Book Review: Under the Dome

It took me almost 4 weeks, but I’ve finished Stephen King’s doorstep latest novel Under the Dome: A Novel (and then it took me an additional four weeks to get around to writing a review - what can I say, December was a little nuts). A whopper at 1,100 pages – which translates into 34.5 hours of audiobook – it’s classic King. Classic, sprawling, epic King.

It's a beautiful fall day in Chester's Mill, Maine, a little town situated in a positively bucolic area and King describes it so with such feeling and detail you can almost see its beauty and smell the crisp, fall air. King also gives us a taste of the rot in this particular bushel of apples when he describes our hero, Dale "Barbie" Barbara - veteran of the Iraq war, currently short order cook - on his way out of town after a latenight parking lot fight with Jim Rennie’s son Junior and his buddies. And right at this moment, the factions in what is to come are established: Jim "Big Jim" Rennie, the town's second Selectman, on one side, Dale Barbara, reluctant hero, on the other.

Barbie’s on the side of the road not too far away from a grumpy old woodchuck when out of nowhere, a huge, transparent dome slams down, neatly following the town borders. In short chapter after short chapter, we follow the consequences - the woodchuck is neatly bisected, a plane crashes and suffice it to say, this dome gives a whole lot of people a whole lot of problems, some of them fatal. But this is just the beginning. Over the next week - yes, the 1,100 pages cover just seven days - the town becomes a microcosm of distilled America. Titular head of the town is the first selectman, Andy Sanders, a naïve, aw-shucks figurehead for the real man in charge, Big Jim Rennie, a man of such spectacular and sickening manipulative evil that it’s easy to make the leap to King using the Bush-Cheney government as a model. Locked under an impenetrable dome, Big Jim is free to run roughshod over the town, ignoring laws, creating his own, complete with an ever-growing army of thugs and his aim is to bring about a situation in which the town gives him unlimited powers to do exactly what he wants. Opposed by a ragtag band of citizens including Barbie, Julia Shumway (editor of the towns’ newspaper) and Rusty Everett (physician's assistant thrust in to the role of town doctor), the situation turns into a tighter and tighter spiral of tension, including kids with visions, homicides - some sanctioned by Big Jim, some not -and an ever-decreasing quality of air.

Under the Dome is a commentary on how easy it is to create an authoritarian regime and an impassioned argument for environmental change.

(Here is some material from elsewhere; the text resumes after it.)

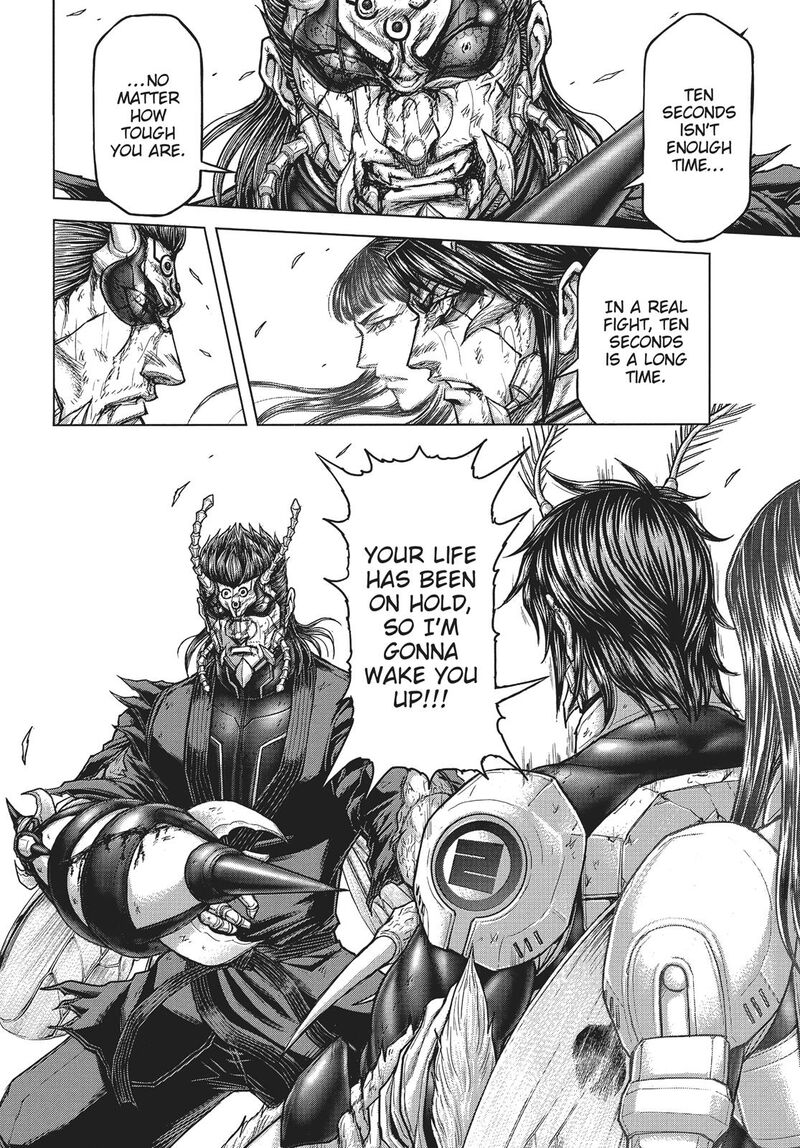 Terra Formars Chapter 231 Page 17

In interviews, Stephen King has spoken about how we on this planet all live under a dome (i.e., the atmosphere) and seeing our pollution problems shrunk down to a small town in Maine makes them that much more understandable and urgent.

As the novel builds to its climax, things get worse and worse and there are times when the relentless pace of catastrophe leaves you gasping, desperate for a break, but you don't get one. And at the end, the only word I had for what was happening to the people you have come to care about (or hate) was merciless - King is utterly uncompromising in following the path of the story, of the characters to their inevitable conclusion.

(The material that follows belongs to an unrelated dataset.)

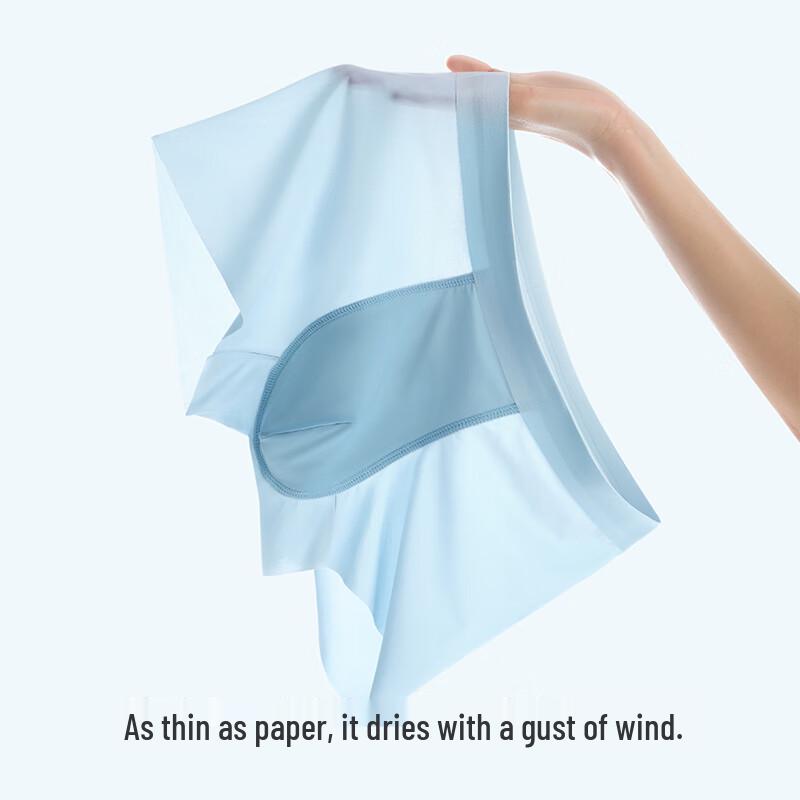 Urban Beauty Men's Ice Silk Seamless Boxer Briefs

Under the Dome reminded me of The Stand - sprawling, epic, apocalyptic, huge cast of characters - and in a way, it felt familiar, like re-visiting an old friend (if you're friends with really horrible things, that is). In recent years, King has moved towards what I like to call "adult horror" in Bag of Bones, Lisey's Story and Duma Key, a development I've thoroughly enjoyed and Under the Dome is a return to more traditional King. Turns out there's nothing wrong with that - much as I enjoy his adult horror, traditional King is a one hell of a roller coaster ride, keeping you locked in and hooked until the very last page, even though sometimes, you wish you could close your eyes for a particularly steep drop.

After I started reading audiobooks, I came to appreciate Stephen King’s talent more than I did before - his books are ideal campfire stories, the rhythm in his writing lending itself particularly well to being read aloud and the past, I've highly recommended going the audiobook route. Not this time. It's read well by Raul Esparza, but not in the breathtakingly perfect manner of Mare Winningham (Lisey’s Story) or John Slattery (Duma Key) and Esparza makes a couple of odd choices in terms of characterization that end up getting a bit in the way of the story, so this time, I’d recommend reading the book yourself – that is, if your hands can handle the weight. If not, the audiobook will work just fine, but either way, read it. You'll have a blast.